La majorité écrasante des livres écrits sur le Mouvement national s'intéresse plutôt aux faits et aux aspects chronologiques et témoignages sur les événements, mais ne s'attardent point ou très peu sur les idées et les projets culturels, sociaux, économiques et spirituels portés par les représentants dudit mouvement. Mohamed Chafik Mesbah s'est donc attaqué dans cet ouvrage, qui fera indéniablement date, à cet aspect dont l'importance ne peut aucunement être occultée car il s'agit de revisiter les premiers jalons idéologiques qui ont, avec le temps, façonné le projet national qui allait être mis en oeuvre après l'Indépendance nationale en 1962.
Le chantier brassé par Mohamed Chafik Mesbah est donc immense et complexe. Mais il a su, de manière ingénieuse, aller jusqu'au bout de son idée car le résultat est un livre qui nous apprend tout ou presque sur la question de l'idéologie politique du Mouvement national algérien. Le livre, écrit de manière pédagogique, a le mérite de brosser un tableau minutieux des soubassements idéologiques des différents courants du Mouvement national. Il s'agit de l'UDMA, du PPA-MTLD, les Oulamistes et des communistes algériens. L'auteur avertit d'emblée que plusieurs courants aux idéaux différents, parfois opposés constituaient le Mouvement national. Selon la formule de Mohamed Chafik Mesbah, il s'agit d'une histoire paradoxale que celle du Mouvement national qui ne retrouve son unité que pour s'accorder sur sa diversité et qui, à nouveau, n'emprunte des voies divergentes que pour mieux déboucher sur la nécessaire jonction de ses courants. L'auteur s'interroge s'il faut y déceler les indices d'un monolithisme idéologique et social ou, au contraire, les indicateurs de la variété des filiations sociologiques?». Mesbah insiste sur le fait que l'instauration de l'État national indépendant n'est que le prolongement des racines du passé dont il n'est jamais coupé. En toute modestie, l'auteur reconnaît que ce sujet des plus importants, n'est point son apanage.
Pourquoi 1936
La brûlante question de l'idéologie politique et le Mouvement national en Algérie a fait l'objet de recherches parfois éminentes, souligne Mesbah. Ce dernier, avec ses compétences académiques et rédactionnelles indéniables, a effectué pour sa part une relecture des faits historiques de la période considérée.

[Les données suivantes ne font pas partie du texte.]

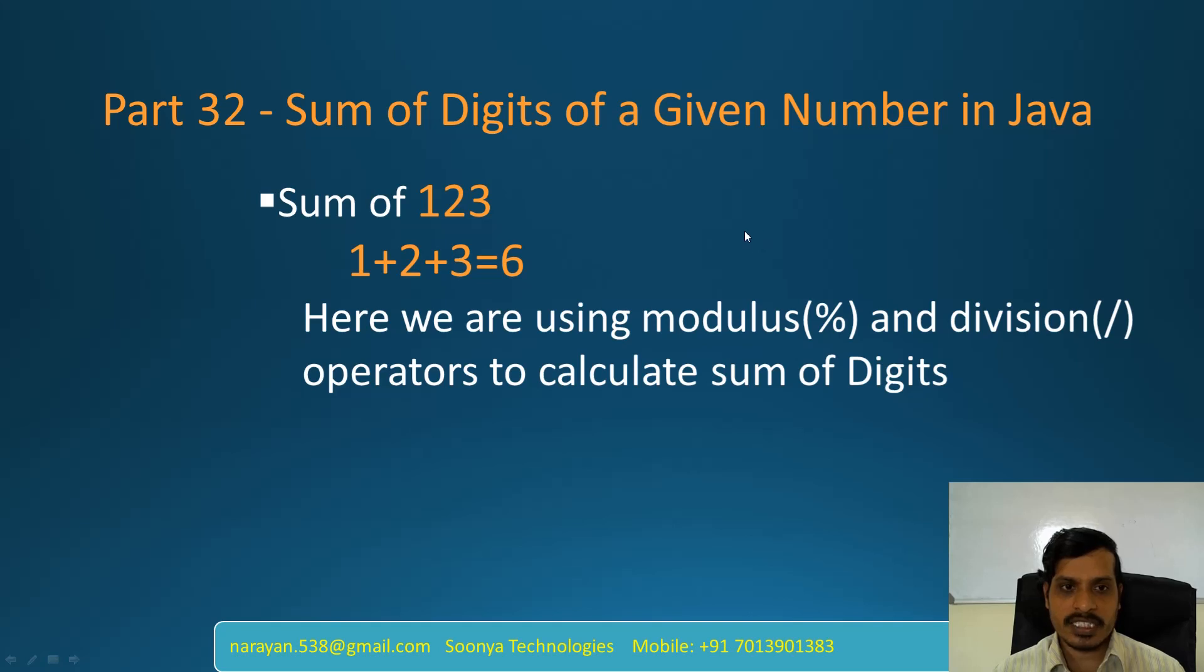Hi, this is Venkat Narayana from Sonia Technologies. Today I am going to discuss sum of digits of a given number in Java.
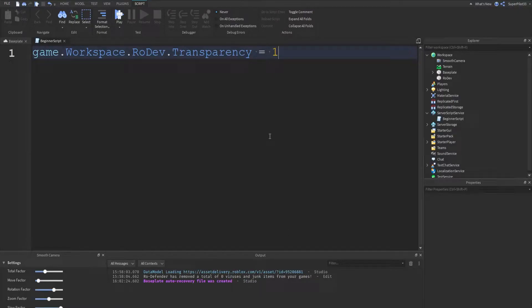Hey everyone, Rodev here and welcome back to your third Roblox scripting tutorial. Today we're going to be looking at functions, so let's get right into it.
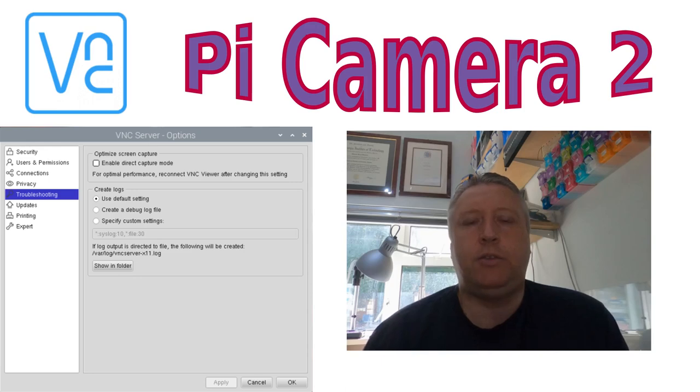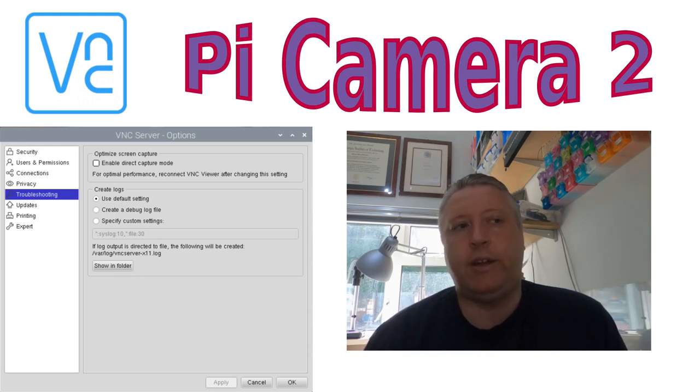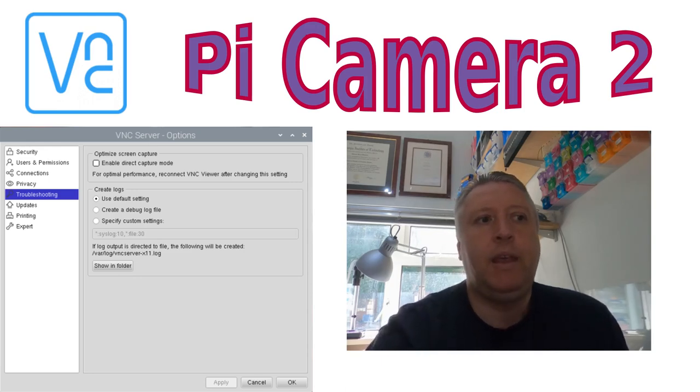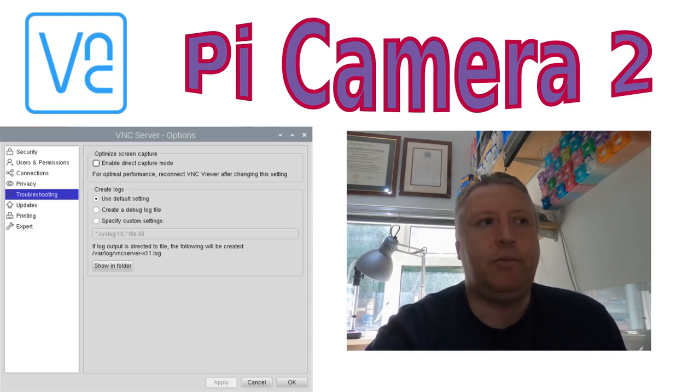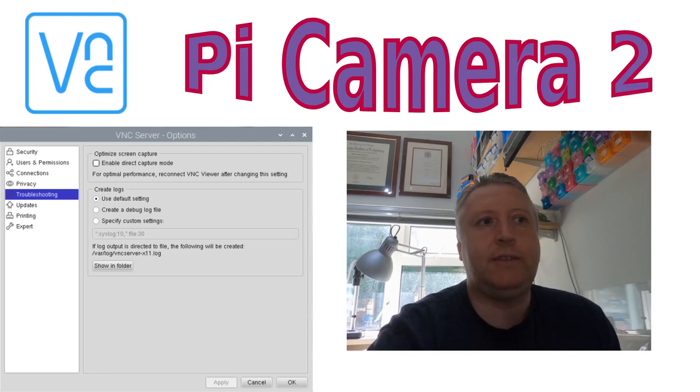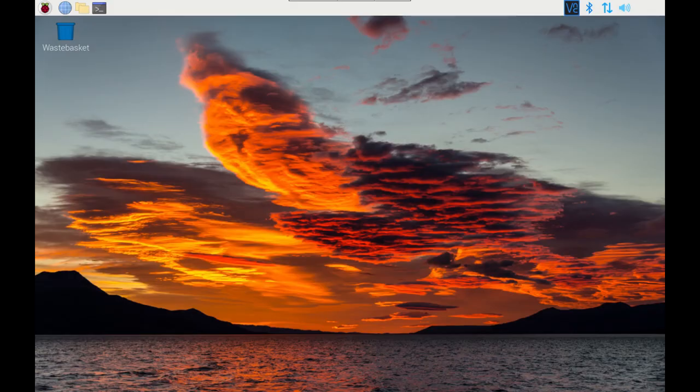Note that unlike the Pi Camera 1, I haven't enabled a direct camera mode as the new library makes use of the standard X11 rather than writing direct to the screen. If you think this is going to be useful please give it a like at any point during the video. First I'm going to perform a quick test to make sure the camera is detected correctly.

Dans son livre, Mohamed Chafik Mesbah s'évertue à situer les courants politiques ayant animé le Mouvement national algérien et les projets partisans qui en ont résulté. Il est aussi question, dans le même livre, de la reconstitution des phases théoriques et des étapes organiques ayant jalonné tant le processus d'élaboration du projet de renaissance nationale que celui de sa mise en oeuvre, «lequel fut caractérisé par le recours à la lutte armée...».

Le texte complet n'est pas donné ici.